Okay, so I am left handed, but that's not the point. The point is that the Church has a trick up her sleeve, an ace card, a ruse, a flanking manoeuvre. We are an Easter people. Just when you think she is dead, she is alive. This is not the first time this has happened. As Chesterton notes in his great classic, The Everlasting Man, the faith has died many times before.
I have said that Asia and the ancient world had an air of being too old to die. Christendom has had the very opposite fate. Christendom has had a series of revolutions and in each one of them Christianity has died. Christianity has died many times and risen again; for it had a God who knew the way out of the grave.
[...]
The Faith is always converting the age, not as an old religion but as a new religion. This truth is hidden from many by a convention that is too little noticed. Curiously enough, it is a convention of the sort which those who ignore it claim especially to detect and denounce. They are always telling us that priests and ceremonies are not religion and that religious organisation can be a hollow sham, but they hardly realise how true it is. It is so true that three or four times at least in the history of Christendom the whole soul seemed to have gone out of Christianity; and almost every man in his heart expected its end.
[...]
This fact is only masked in medieval and other times by that very official religion which such critics pride themselves on seeing through. Christianity remained the official religion of a Renaissance prince or the official religion of an eighteenth-century bishop, just as an ancient mythology remained the official religion of Julius Caesar or the Arian creed long remained the official religion of Julian the Apostate. But there was a difference between the cases of Julius and of Julian; because the Church had begun its strange career.
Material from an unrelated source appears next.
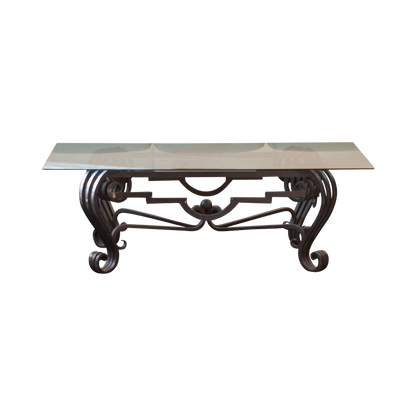 WROUGHT IRON COFFEE TABLE w. GLASS TOP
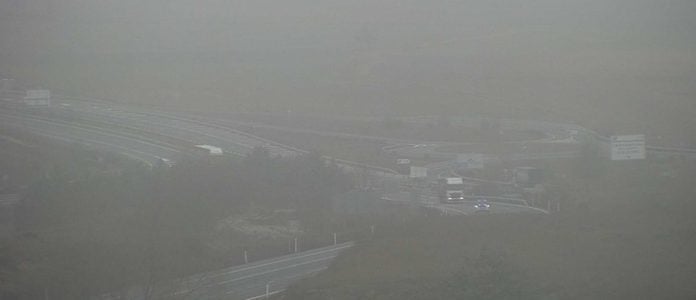 Niebla en la A-2 a la altura de Torremocha el 10 de enero de 2025. (Foto: DGT)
There was no reason why men like Julius should not worship gods like Jupiter for ever in public and laugh at them for ever in private. But when Julian treated Christianity as dead, he found it had come to life again.
[...]
Arianism, as has been said, had every human appearance of being the natural way in which that particular superstition of Constantine might be expected to peter out. All the ordinary stages had been passed through; the creed had become a respectable thing, had become a ritual thing, had then been modified into a rational thing; and the rationalists were ready to dissipate the last remains of it, just as they do to-day. When Christianity rose again suddenly and threw them, it was almost as unexpected as Christ rising from the dead.
I am joyous this Easter because I am full of hope, because I know that the Church is dying and yet it will continue to live.
The "Catholic" priests who openly defy the Bishop and the Pope, the "Catholic" schools with their "Catholic" ethos and their dodgy careers advice services and their "Catholic" RE departments with dodgy textbooks. The Church there is dead. It has gone in to the tomb and the stone has been rolled over the entrance. These so called "Catholic" institutions are like the crumpled up wrapper of last years Easter egg. The chocolate is gone. Jesus is no longer shown nailed to a cross in the classroom, instead he is pinned to the mission statement like a dead insect. An artefact, a historical curiosity, a platitude in an ethos. What they call an "ethos" I call a shroud, a paper shroud in which Christ is wrapped for burial in a drawer or a filing cabinet.
Chesterton continues...
There are people who say they wish Christianity to remain as a spirit. They mean, very literally, that they wish it to remain as a ghost. But it is not going to remain as a ghost. What follows this process of apparent death is not the lingerings of the shade; it is the resurrection of the body. These people are quite prepared to shed pious and reverential tears over the Sepulchre of the Son of Man; what they are not prepared for is the Son of God walking once more upon the hills of morning.
The Titanic may be sinking, but the waters of death are the waters of Baptism and the Church will rise again.
The next few years are going to be very interesting indeed.